= Masquer =

Swedish rock band

Masquer is a Swedish rock band, formed in Stockholm in early 2009. Band consists of two members: Kicki Halmos (vocals, keyboard) and Pelle Lundqvist (guitar), who have been friends since early teens. As they were trapped in their earlier works with classic rock, it caused Kicki to have her characteristic voice. "The lack of progress turned into a source of inspiration."

Masquer has played with various Swedish musicians, such as Axel Willner (more known by his stage name The Field). He also has made some remixes for their music (for ex.
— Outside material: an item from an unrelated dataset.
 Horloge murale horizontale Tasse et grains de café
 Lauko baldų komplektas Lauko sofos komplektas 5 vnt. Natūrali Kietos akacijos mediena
Happiness).

Because of their low budget, Masquer records their songs in Kicki's bedroom and rehearsal studio, finishing mixes are made in Kicki's living room.

In Cover My Face As The Animals Cry first was Stark Naked that well reflected whole album, then came out Crush then Bang Bang which had some Depeche Mode vibes.

==Discography==
Covers (2012)

Cover My Face As The Animals Cry (2011)

Stark Naked (Single) (2011)

Happiness (Single) (2011)

==Influences==
The Smashing Pumpkins, Nirvana, The Cure, Sonic Youth, Cocteau Twins.

==Uses in movies==
In 2012, Masquer's EP "Covers" was released, in which they've covered John Madara and David White's famous song "You Don't Own Me", that was originally sung by Lesley Gore in 1963. They even took a video clip for the cover, directed by Charlotte Landelius and Theresa Traore Dahblerg.

The song was featured in a trailer for the British-American horror drama television series created by John Logan for Showtime and Sky, Penny Dreadful.